He estado en varios conciertos de Antonio y nunca he visto más respeto ante un artista, quizá con Camarón. Si ese día el maestro estaba mal, pues a casa y punto, pero nadie lo expresaba en alto, nadie quebraba el silencio ni la magia, nadie contaminaba el aura mágica que creaba su presencia con palabras gastadas. Nadie rompía la enorme tensión que surgía justo antes de que diera la primera nota y constataramos que estaba afinado, que llegaba, que todo OK. Que estaba allí y que ya podíamos respirar aliviados y dar un trago a la cerveza. Nadie molestaba a nadie, era una especie de oración interior, de comunión con tus sentimientos más bonitos, joder. Daban ganas de levantarse y protegerle, de darle un abrazo, de llevártelo a casa, hacerle unas lentejas y taparle con una manta.

Antonio no era sólo un músico. Antonio era un genio que hizo música como podía haber hecho otra cosa. Él habría sido un excelente físico, un gran pintor, un arquitecto de renombre, un bailarín. Sobre todo, habría sido un excelente torero, porque Antonio Vega fue fundamentalmente eso, un torero hierático, más Joselito el Gallo que Juan Belmonte, un torero de culto, el heredero de la estirpe milenaria de los toreros de arte, Antonio fue Rafael de Paula pero en Chamberí, un Paula quebrado en su hondura trágica y honda. Antonio no tiene seguidores, Antonio tiene penitentes y nos uníamos a él en una liturgia de vellos de punta, de pieles de gallina, de nudos de doble lazo en la garganta. De alguna manera seguimos unidos en este corte de digestión, en este suspiro contenido que dura ya seis años de mierda. Joder Antonio, qué pena.

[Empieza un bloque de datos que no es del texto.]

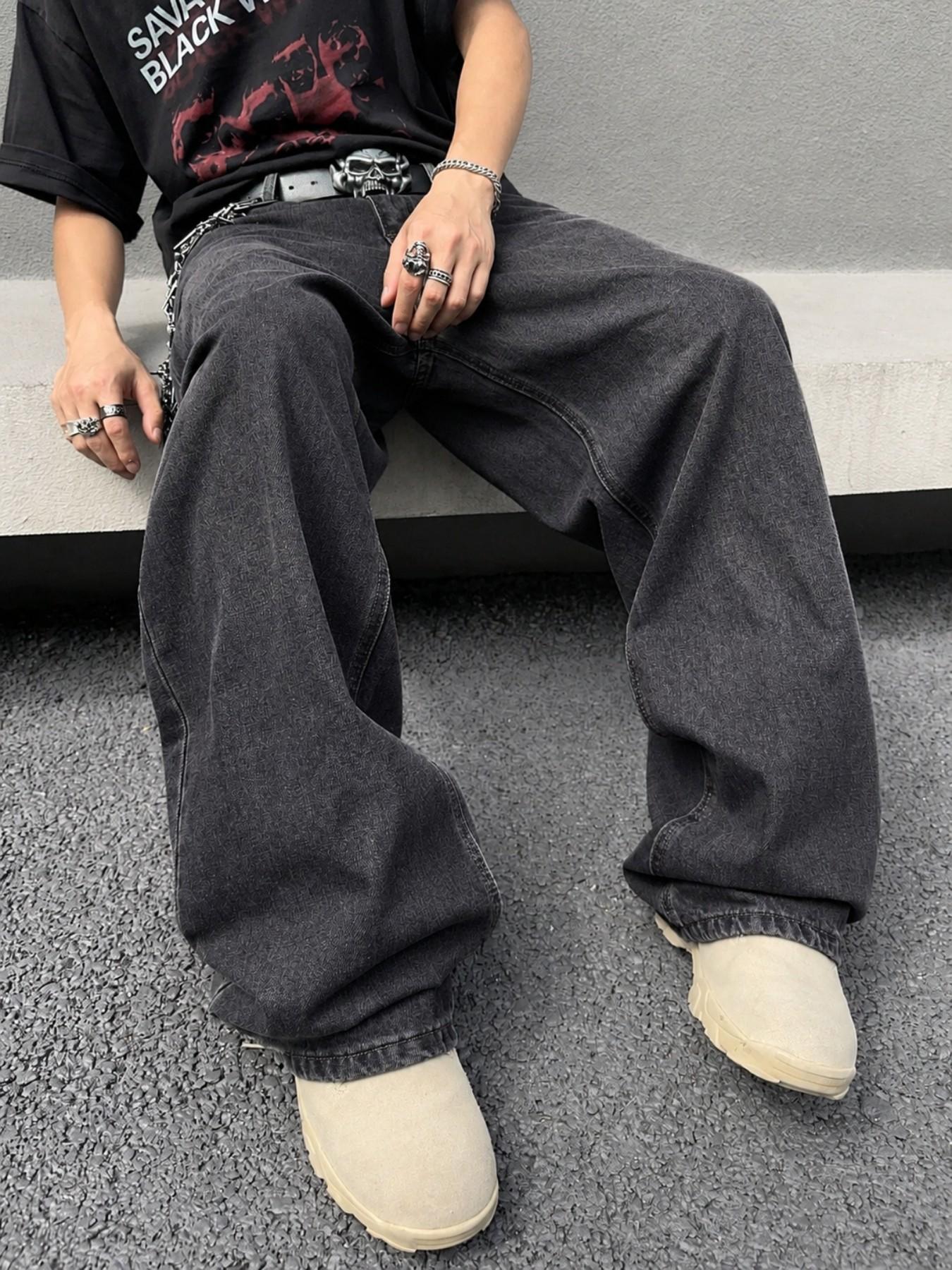 Men’s Blue Washed Jacquard Baggy Jeans, Curved Panel Seams, Wide Leg Loose Fit, Y2K Streetwear Denim Jeans, All Seasons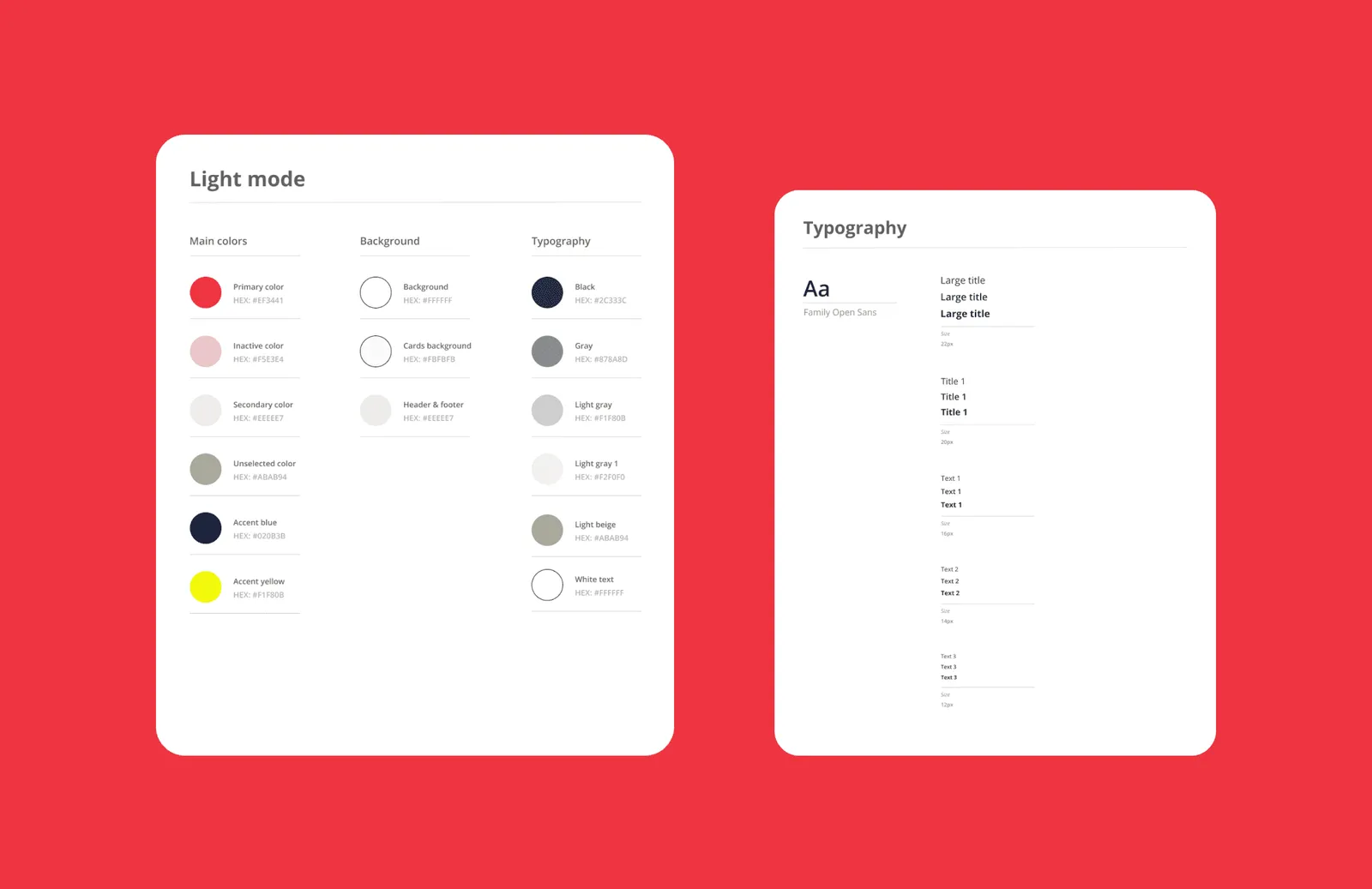 Design system foundations for the app, with the color palette and typography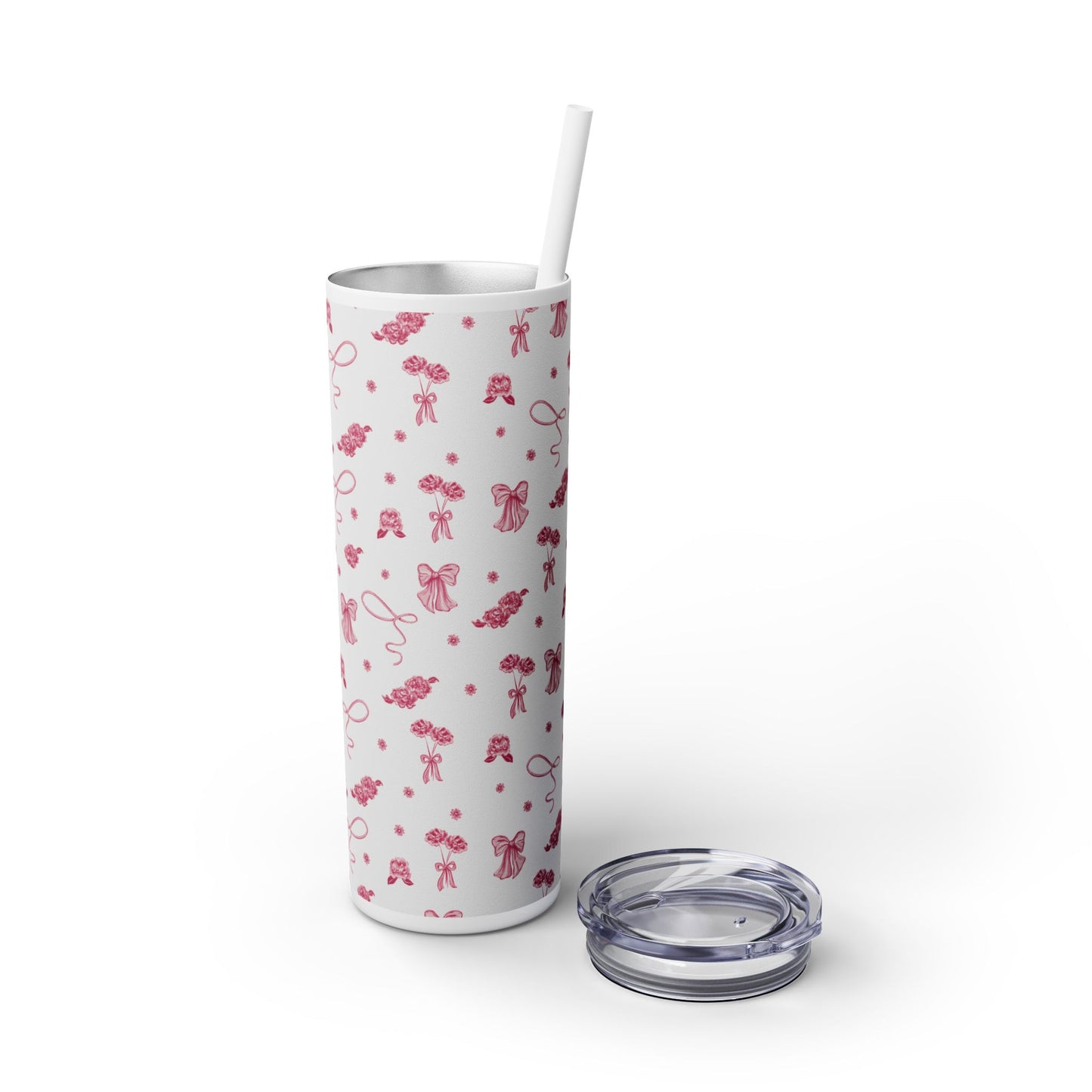 Toile Tumbler with Straw (white)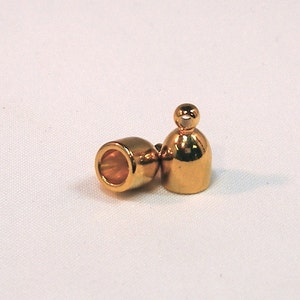 4mm Gold Plated Bullet End Caps - 1 pair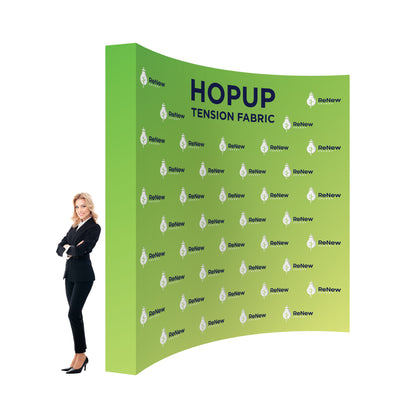 Curved hopup tension fabric display with branding for trade shows and exhibitions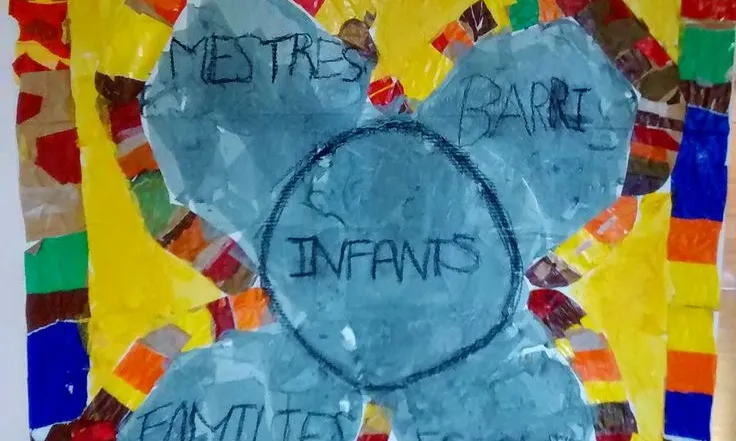 Cartell a l'Escola Mestre Morera (Imatge: Escola-Impremta)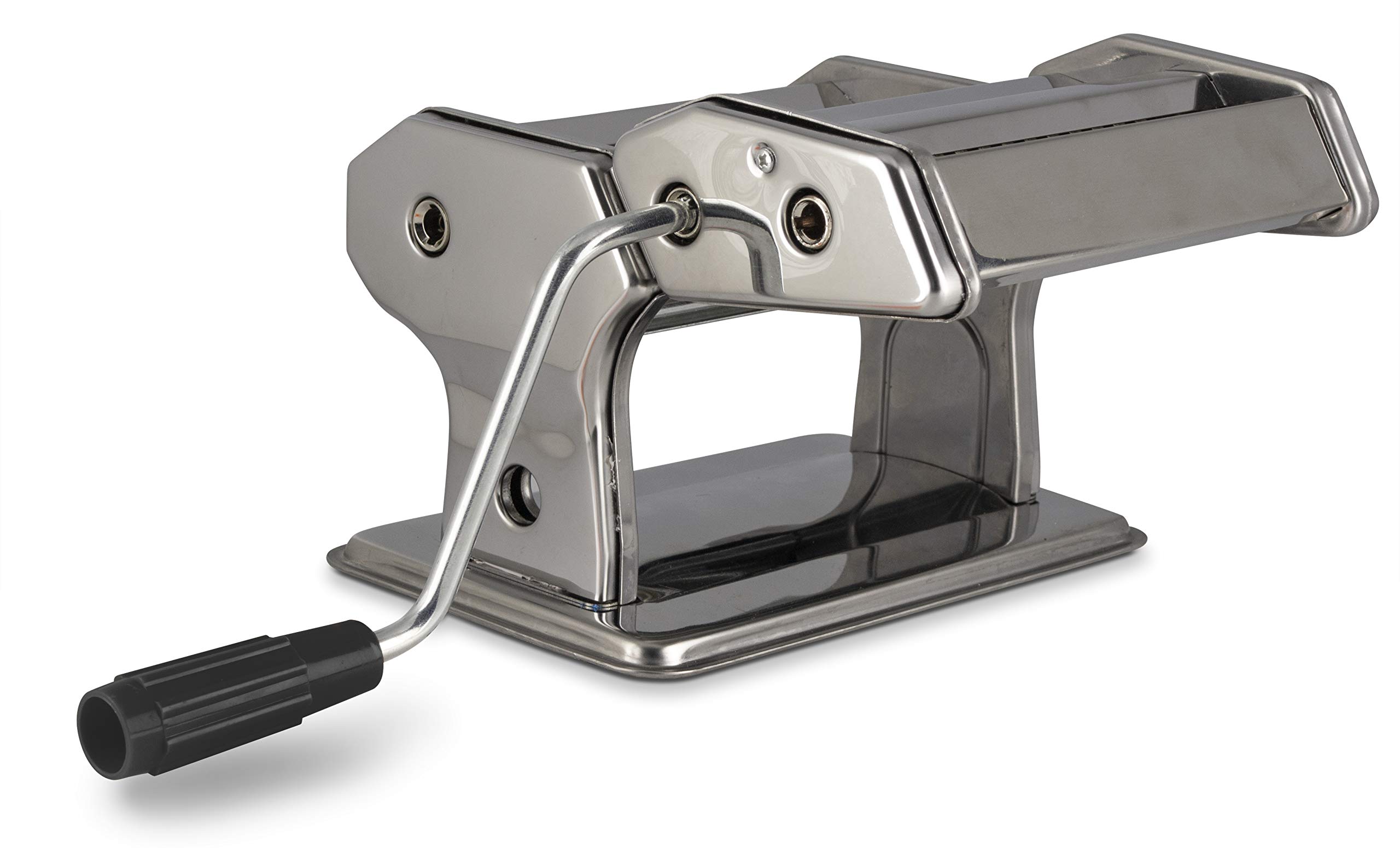 Stainless Steel Manual Pasta Maker Machine - Adjustable Thickness Settings, Removable Handle & Clamp for Fresh Homemade Pasta - Perfect for Italian Cuisine, Family Cooking & Restaurant Use
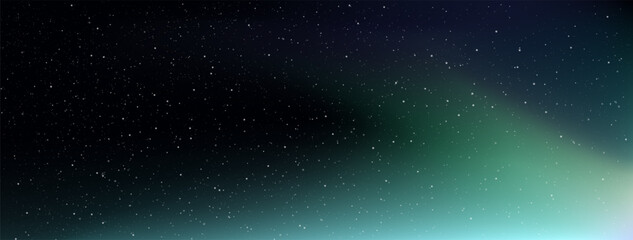 Mystical night sky with a hint of aurora borealis. Calming and peaceful atmosphere, Northern lights, Vector Illustration.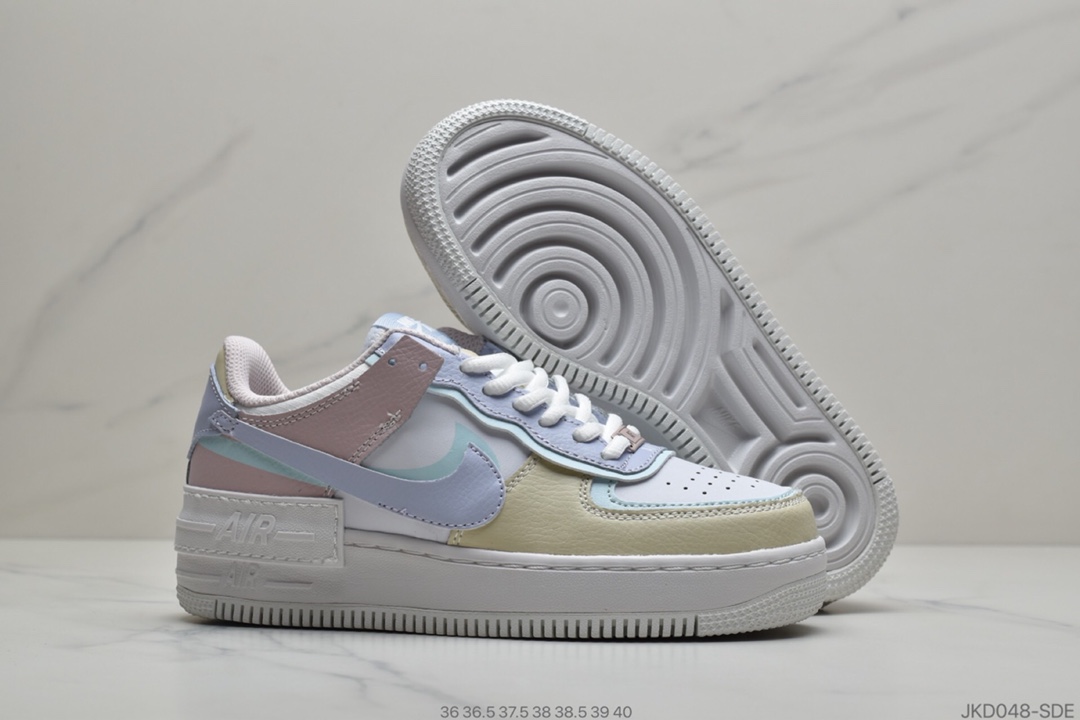 160 公司级 全套配件Nike Air Force 1 Shadow 彩蛋配色轻量增高低帮百搭板鞋CI0919-106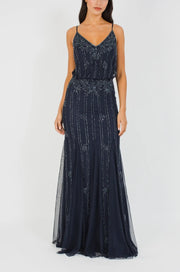 Keeva Maxi Dress - Navy-lace and beads-6-Urbanheer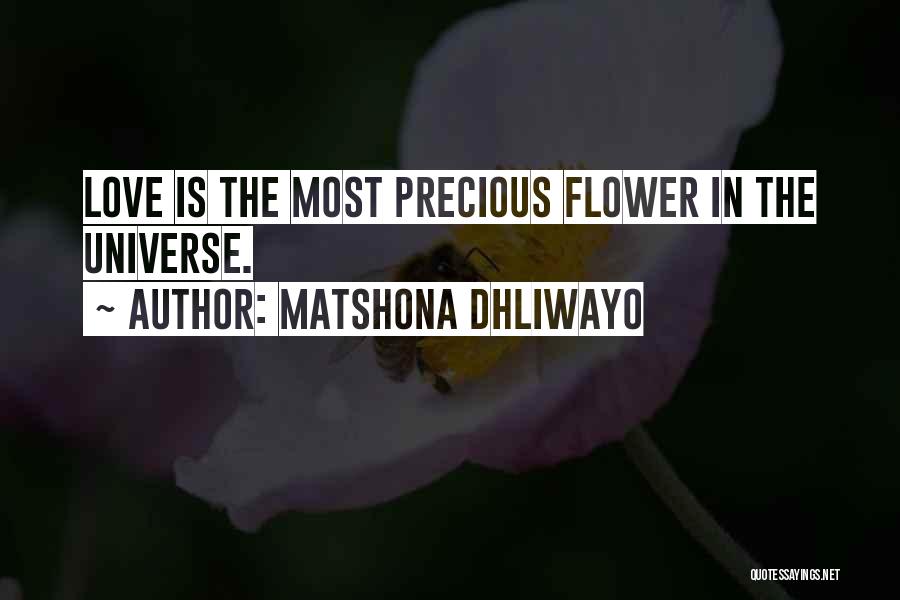 Matshona Dhliwayo Quotes: Love Is The Most Precious Flower In The Universe.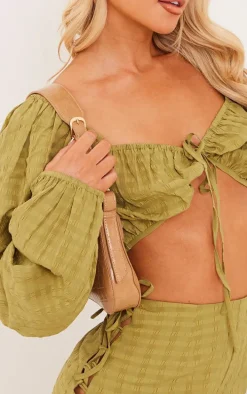 Olive Textured Woven Tie Front Balloon Sleeve Blouse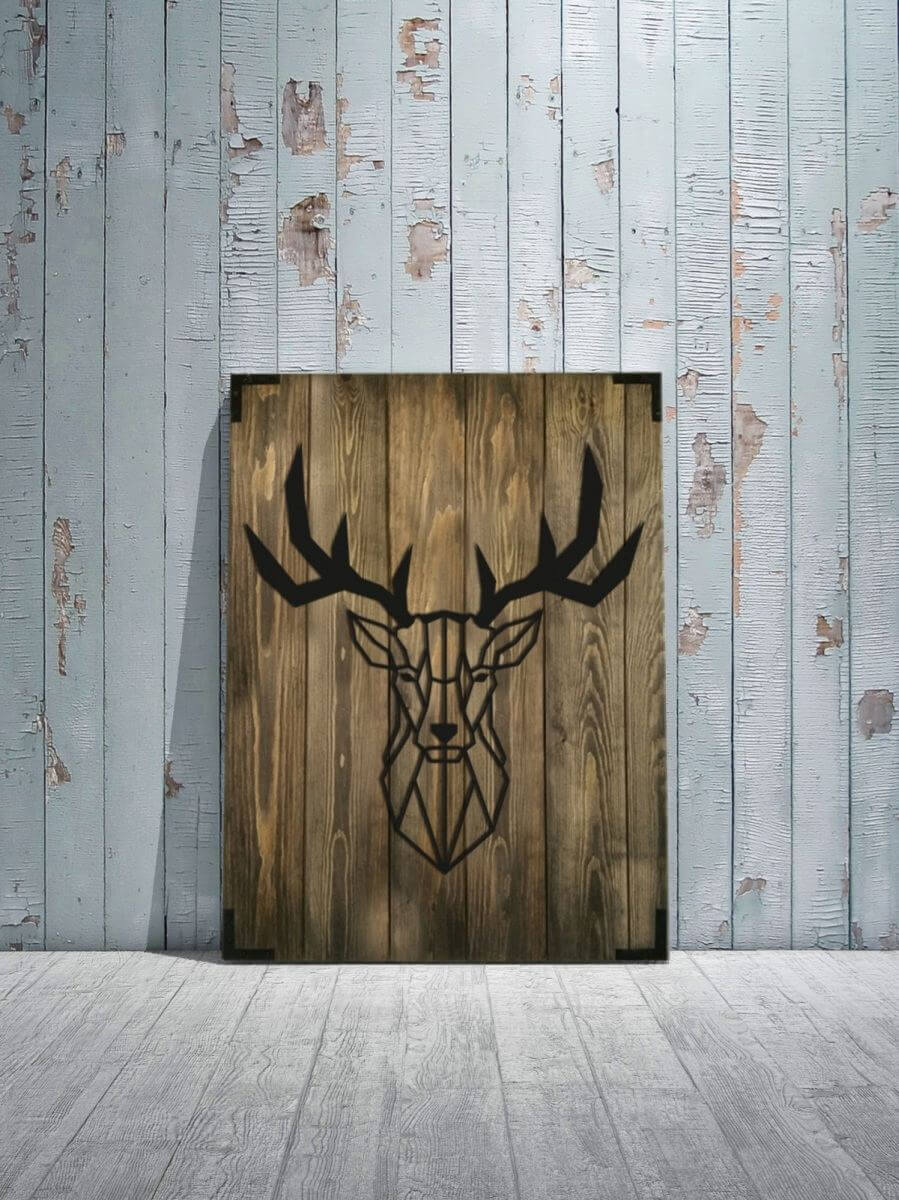 Wandbild Holz Hirsch – Rustikale Wanddekoration für Wohnzimmer - Bild 3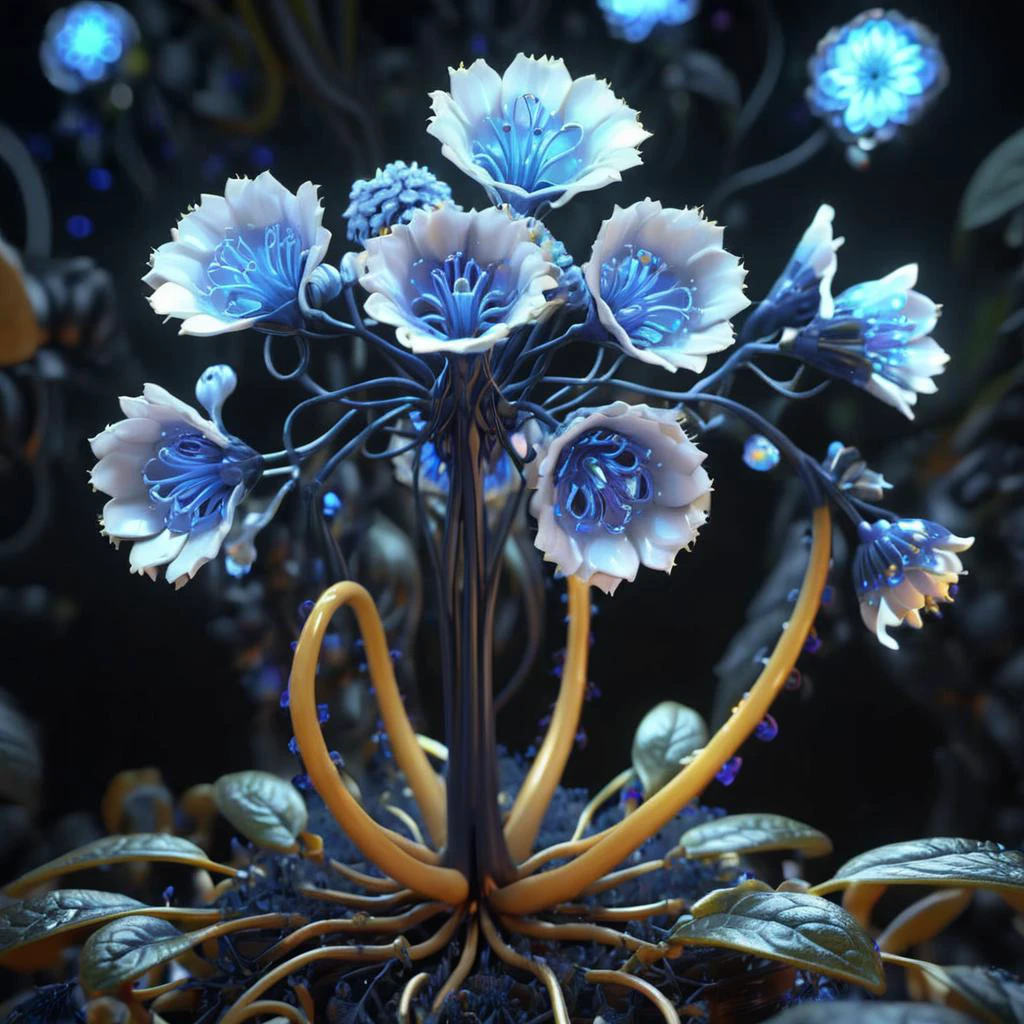 ((best quality)), ((masterpiece)), ((realistic,digital art)), (hyper detailed),teslapunkai DonMM4ch1n3W0rldXL Petite Ultramarine Blue Bush-like Whorled plant, LemonZest Umbellate Cyme Petal flower, Hastate, Aposepalous, Fasciculate, , octane rendering, raytracing, volumetric lighting, Backlit,Rim Lighting, 8K, HDR, <lora:TeslaPunkAIXLv2:0.7> <lora:DonMM4ch1n3W0rldXL:0.65>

El otro día bebía en El Penta, esperando a su fantasma, que por supuesto no vino. Le busqué por Clamores, por la Galileo, en El Sol, en la Vía Láctea de mis sueños y en el Liceo Francés. Pero tampoco estaba allí. Yo no sé donde está ahora, pero sé que aunque la burbuja sonría, cuando le escucho me siento muy triste, no puedo evitar pensar en su último momento, en el momento el que se pararon los relojes de Madrid, en ese momento que me pilló en un café de La Latina, en el último hálito del ser más frágil que jamás ha dado el mundo diciendo a su familia: «No me quiero morir».

Antonio ha sido la sensibilidad más grande, yo creo que veía cosas que el resto no vemos, pero lo más grande de Antonio es que su sensibilidad no es cursi, es más bien un lamento digno, un dolor sin barroquismos, es un kilo y medio de oro puro, sin matices, sin formas ni adornos, un tipo de sensibilidad nada evidente que yo creía reservada para ciertas élites pero que una vez más me demostró estar equivocado

Escribo esto hoy porque hoy es un día más, porque no pasa nada, porque no celebramos nada y porque es un día perfecto para echar de menos sin flamenquismos, para dejarnos llevar por ti, como supongo que harías antes de irte y dejarnos huérfanos de arte y de belleza, de dejarnos solos en el medio de esta vulgaridad que huele a trazo grueso. Te echamos de menos, Antonio, medio poeta-medio hippie, medio vivo-medio muerto, medio gigante-medio infante. Medio artista al cuadrado, media verónica, media verdad, media noche de verano con media vida ya vivida. Todo sigue adelante sin ti aunque como tú decías, “Yo nunca me he ido. Siempre he estado aquí y sigo estando”. Pero no te vemos. Y te echamos de menos, cabronazo.